WHAT THE EXERCISE ASKS>
Skip the pictures. Output only the lines below starting at the line with "مركز العلاج الطبيعي" and ending at the line with "Reebok Workout Ready", both ends included, exactly as they are.

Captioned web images
|---|
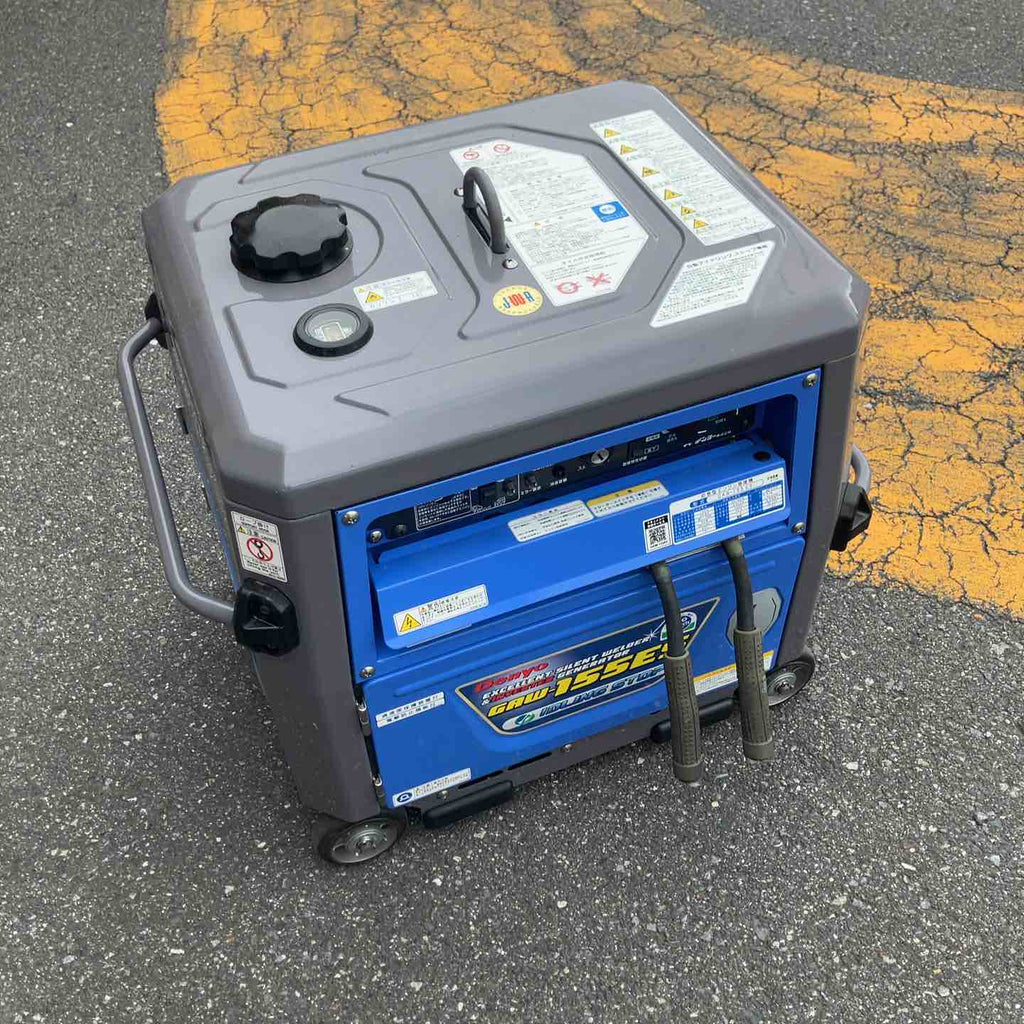 サマーセール！中古・店頭受取り限定】 デンヨー/Denyo エンジン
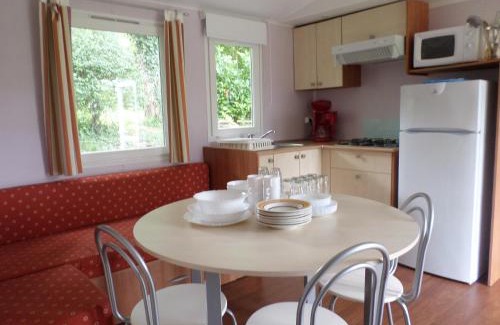 Saint-Cybranet Other | Charming Camping Paradis Le Céou: Oceanfront Getaway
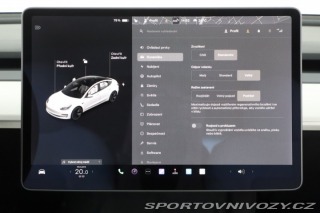 Tesla Model 3 Long Range 4WD 74kWh 2021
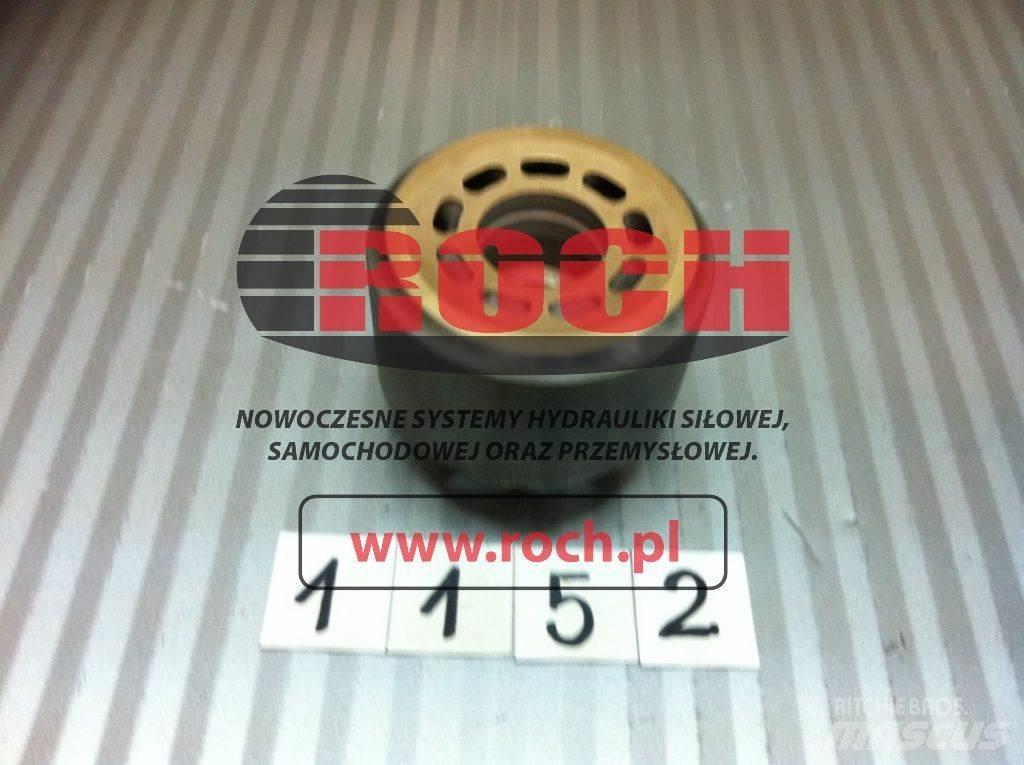 Rexroth CYLINDER DO A4VG28 油壓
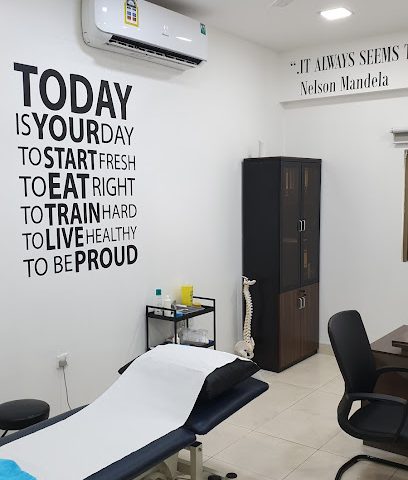 مركز العلاج الطبيعي الديناميكي - الرفاع - +973 1740 1446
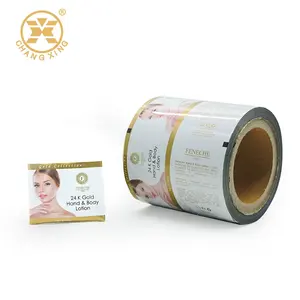 Buon prezzo rotocalco stampa lucida finitura opaca stampata laminata PET Film Roll plastica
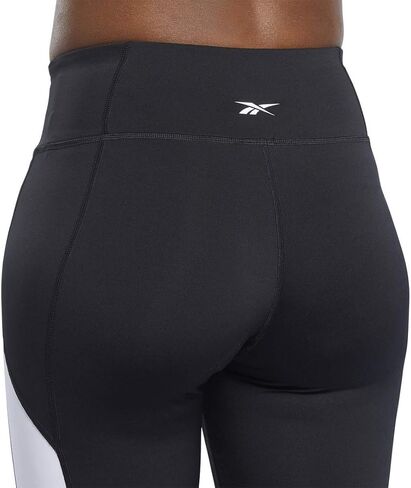 Reebok Workout Ready Logo Tight, Black, S in Saudi Arabia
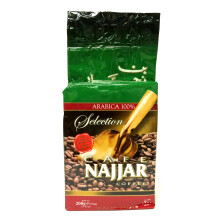 Cafe Najjar Selection Fine Ground Coffee with Cardamom 200g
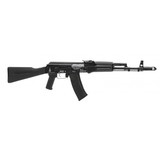 "Arsenal Saiga Kalashnikov AK-74 90th Anniversary Silver Edition Jubilee Rifle 5.45x39 (COM3011)"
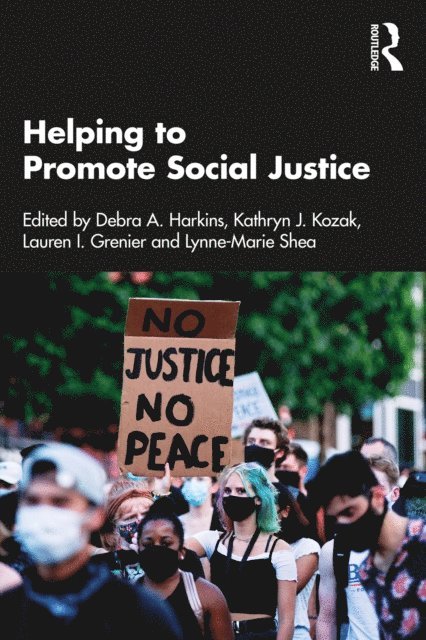 Debra A. Harkins - Helping to Promote Social Justice, E-bok
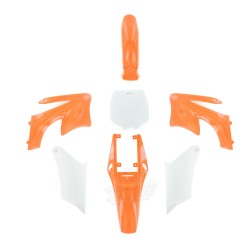 Carénage Pocket Cross AGB - Orange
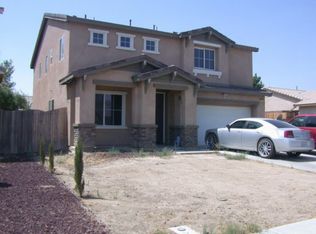 3086 Janine Ave, Rosamond, CA 93560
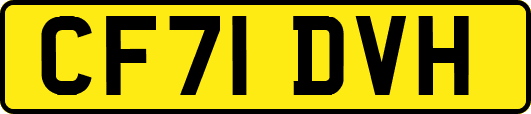 CF71DVH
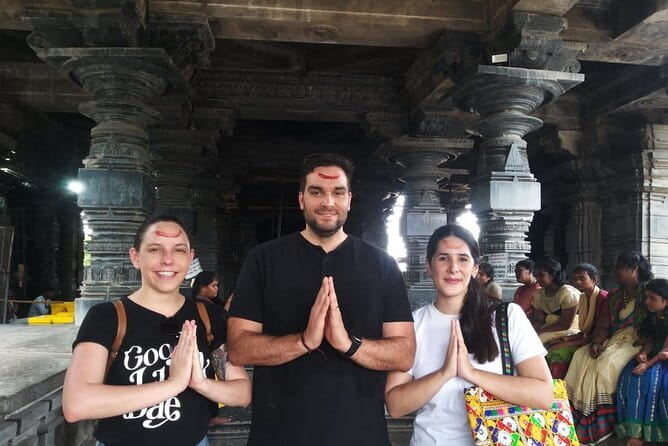 Temples and Tales of Kakatiya's A Journey Through Time and Stone - Thousand Pillar Temple: why columns matter more than you think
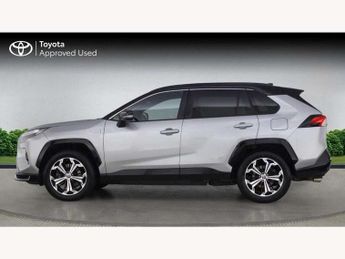 Toyota RAV4 2.5 PHEV Dynamic 5dr CVT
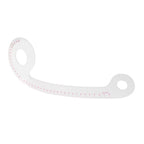 Patchwork French Curve Ruler Template for Sewing Tailor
|---|
RESULT OF THIS EXERCISE>
 مركز العلاج الطبيعي الديناميكي - الرفاع - +973 1740 1446
 Buon prezzo rotocalco stampa lucida finitura opaca stampata laminata PET Film Roll plastica
 Reebok Workout Ready Logo Tight, Black, S in Saudi Arabia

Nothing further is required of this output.